Priorities for Social and Humanities Projects Based on Text Analysis①

Much research has been written on the nature of social sciences and the humanities (SSH). It is acknowledged that their focus is often local or national, while agreed that it creates opportunities for international comparisons and exchange. At the beginning of this century, three young researchers, Jakob Edler, Stefan Kuhlmann, and Maria Behrens, stated in the book about Changing Governance of Research and Technology Policy: “European semantics, be it in RTDI policy or other fields, is dominated by the wish to be something really big in the global arena,” and further on: “there is a need for clearer roles and definitions: what should be done on the European level and what on national level” (Edler, Kuhlmann, & Behrens, 2003). It was a time of rapid expansion of the European Union. Already at that time, the EU Framework Program (FP) was the biggest funding instrument that supported research and innovation. For newcomers, it was also an excellent tool for selecting national Research and Technology Development (RTD) priorities. It happened that the similarity in choosing science and technology policy priorities was remarkable (Must, 2006). The beginning of the 1990s was also a time for newly independent countries to become acquainted with competitive research funding and to start setting up their own funding systems (Jonkers & Zacharewicz, 2016). Although the FP was not yet officially open to these countries, many researchers participated in the individual level projects. Thus, it was also one of the first options to get acquainted with competitive financing.

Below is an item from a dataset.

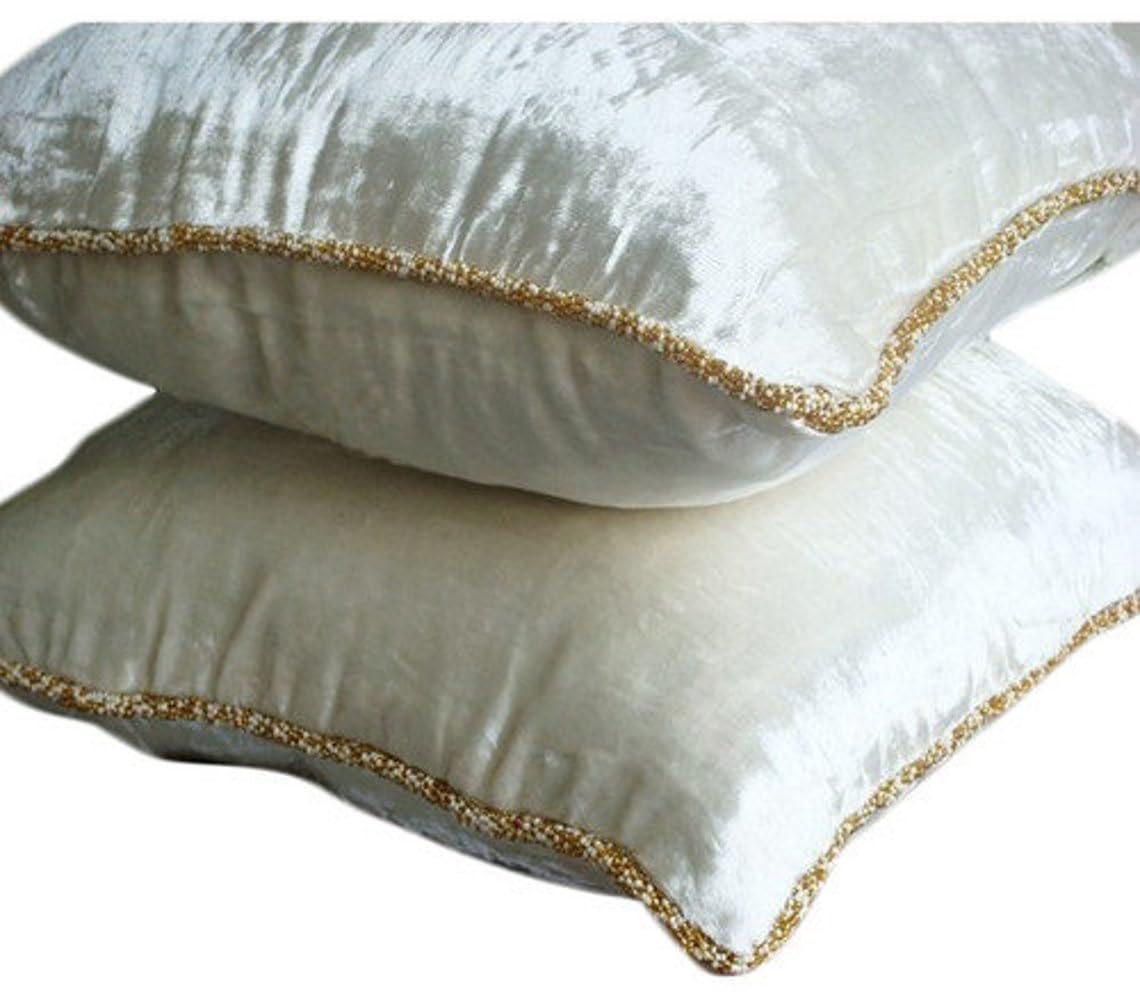 The HomeCentric 45x45 cm (18x18 inch) Square Decorative Throw White Velvet Cushion Cover UK with Bead Border, Throw Pillowcases, Contemporary Throw Pillow Covers for Bedroom or Sofa - White Shimmer โ image 1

Even now, external funding (including FP) plays a vital role in research funding of the “new” member states. For instance, during the period 2008–2015, external funding for the Estonian R&D activities accounted for 9–12% of the total Gross domestic expenditure on research and development (GERD) (which included participation in the Framework Programmes but did not include Structural Funds like in some other countries). In 2015, 12% of Estonian total GERD was funded from abroad (circa 50% of which was FP funding) (Kattel & Stamenov, 2018). Against this background, we wanted to analyze to what extent the thematic orientations of the FP have influenced social and humanities projects in selected countries. It is known that SSH is characterized by individuality and locality—both in terms of the research object and the terminology. We chose Slovenia and Estonia as the countries of comparison because of their overall good performance in the FP and well-developed national Research Information Systems (RIS). We decided to use a full-text analysis to conduct the study. A similar method has been used by van den Besselaar (van den Besselaar, 2016) in text analysis for deriving quality indicators of project proposals. Lexical analysis has also been used in FP Gender Equality Interim Evaluation (de Cheveigné et al., 2017). This survey used funded project titles and abstracts derived from the EU FP, Slovenian, and Estonian RIS. As the texts used (especially in case of national funding) were not written in most cases by English native speakers, we were aware of the risks involved. For some domains, this information may not be enough to achieve high performance in text mining tasks (Gonçalves et al., 2018). Also, the bias risk caused by abstract's quality and completeness exists (Gómez-García et al., 2017). The full text analysis has shown that substantial differences in profile and orientation can occur within the categories, such as methodological or empirical research (Glenisson et al., 2005).

Thus, we aimed to investigate the SSH thematic pattern through three funding instruments during 2007–2018: a)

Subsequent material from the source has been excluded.